Literatur

Ändere die Welt – mit Büchern

a3kultur-Redaktion

Kurt Idrizovic ist ein ausgezeichneter Buchhändler aus Leidenschaft. Marion Buk-Kluger sprach mit dem »Buchaktivisten« und seit Kurzem Preisträger des Deutschen Buchhandlungspreises.

»Ändere die Welt, sie braucht es!« Das Brecht-Lieblingszitat von Kurt Idrizovic ist gleichsam auch ein Motor für das Schaffen des engagierten Buchhändlers. Mit Büchern und der Vermittlung der Freude am Lesen selbiger ist er seit 1984 am Start. Zunächst am Fischertor mit der Büchergilde-Buchhandlung, dann seit 1990 am Obstmarkt aktiv, sind die Bücher, Brecht und Augsburg sein Leben.

Dafür gab es für ihn nach dem Otto-Brenner-Preis von der IG Metall Augsburg 1988 und dem City-Preis vor einigen Jahren nun sogar den Deutschen Buchhandlungspreis. Ausgezeichnet werden hervorragende Leistungen von inhabergeführten, unabhängigen und mit einem Umsatz von unter einer Million Euro agierenden Geschäften.

a3kultur: Gratulation! Wie hast du denn erfahren, dass die Buchhandlung am Obstmarkt mit dem Deutschen Buchhandlungspreis ausgezeichnet wird?

Idrizovic: Dem Preis ging ein umfangreiches Bewerbungsprozedere voran, dann hörten wir monatelang nichts mehr und Anfang Oktober kam vom Ministerium die Nachricht, dass wir »preiswürdig« seien, was uns natürlich riesig gefreut hat.

Wie war die Feier?

Es war wunderschön, die Stimmung natürlich blendend, so viele Buchhändler*innen auf einmal hatte der Goldene Saal noch nie gesehen. Das Schöne daran war, dass auch genug Zeit für einen kollegialen Austausch blieb. Eine gut aufgelegte Truppe aus ganz Deutschland hatte einen Riesenspaß in Augsburg. Claudia Roth hielt eine würdige Rede auf unsere Branche, die es in den letzten Jahren weiß Gott nicht leicht hatte.

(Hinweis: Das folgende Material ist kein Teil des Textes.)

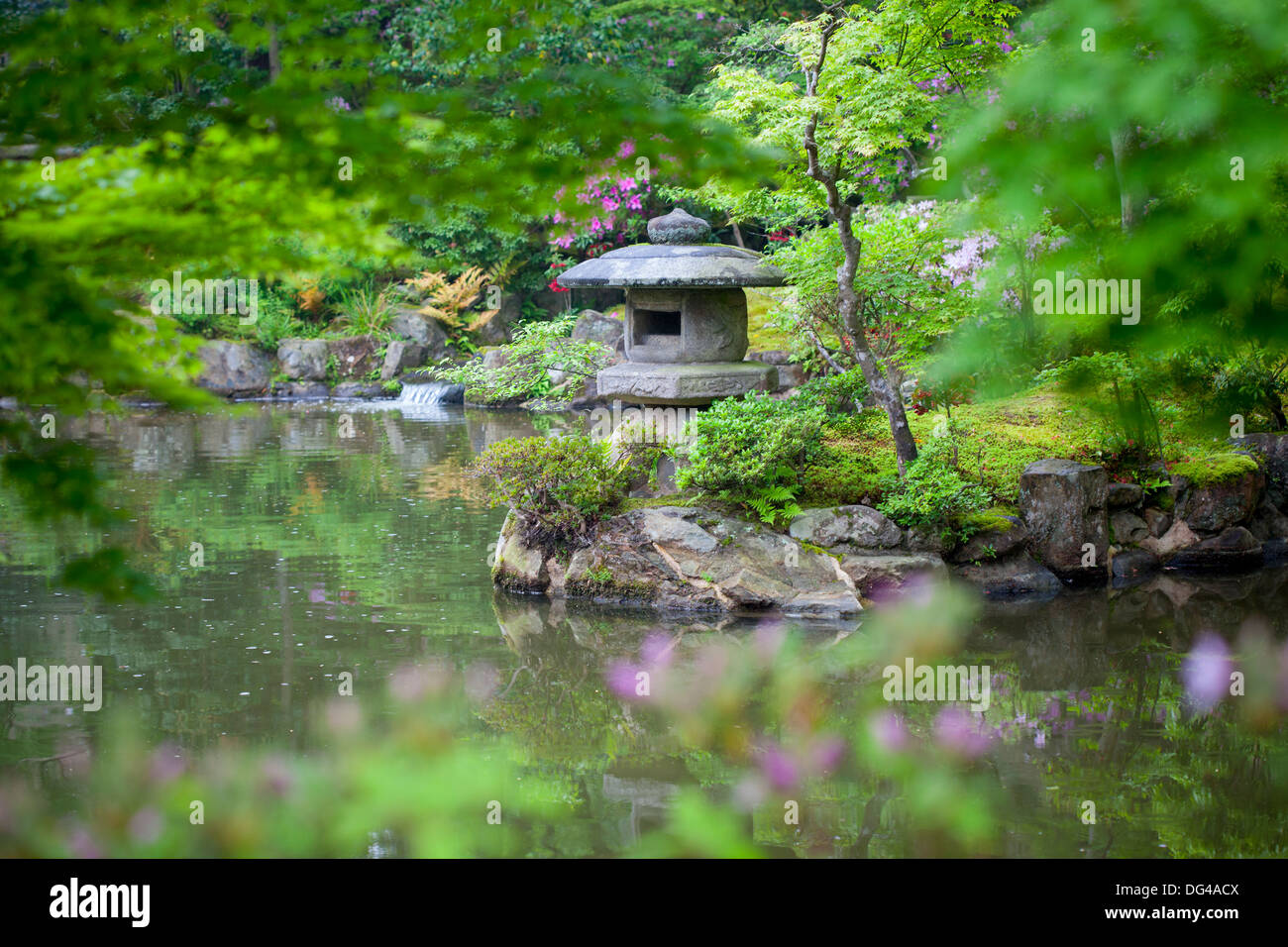 Stone lantern in a Japanese garden on a rainy day. Selective focus on the lantern. Stock Photo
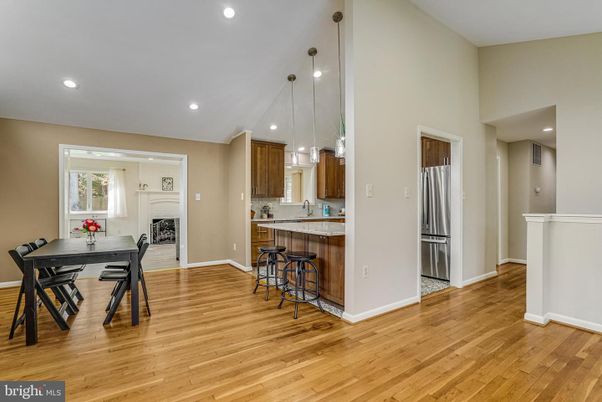 Dining room, Fireplace, Interior, Kitchen, Pendant Lights, Recessed Lighting, Stainless Steel Appliances, Wood Texture Flooring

Dich »nur« als Buchhändler zu bezeichnen wäre zu kurz gegriffen. Wie hält man bei der Vielzahl an Themen, die du mit deinem Team bespielst, die Balance?

Diese Frage stelle ich mir auch immer, aber es macht halt viel Spaß, neben der Buchhandlung auch andere Themen (Brecht, Localbahn, Welterbe) zu bespielen. Aber eines ist auch klar: Das Zentrum ist die Buchhandlung. Dort laufen alle Fäden und Formate zusammen.

Du organisierst im Jahr Dutzende Veranstaltungen, von der Lesung über diverse Diskussionsformate bis hin zu Expeditionen mit der Localbahn durch die Stadt. Was treibt dich an, diese ganzen Aufgaben zu stemmen?

Tja, ich glaube, es ist der Spaß, den es macht, Menschen zusammenzubringen, Veranstaltungen zu planen, zu strukturieren, neue Formate zu erfinden. All das macht allein keinen Spaß – nur mit Gleichgesinnten gelingt es. Letztlich ist es doch wunderbar, gemeinsam erfolgreich zu sein.

Es gibt nicht mehr so viele – besondere – Einkaufsorte in der Innenstadt wie deinen Laden. Sie haben besondere Funktionen, weit über den des Handels hinaus. Das ist nicht in jeder Stadt so – was rätst du den Verantwortlichen aus Politik und Verwaltung in puncto Belebung der Innenstadt?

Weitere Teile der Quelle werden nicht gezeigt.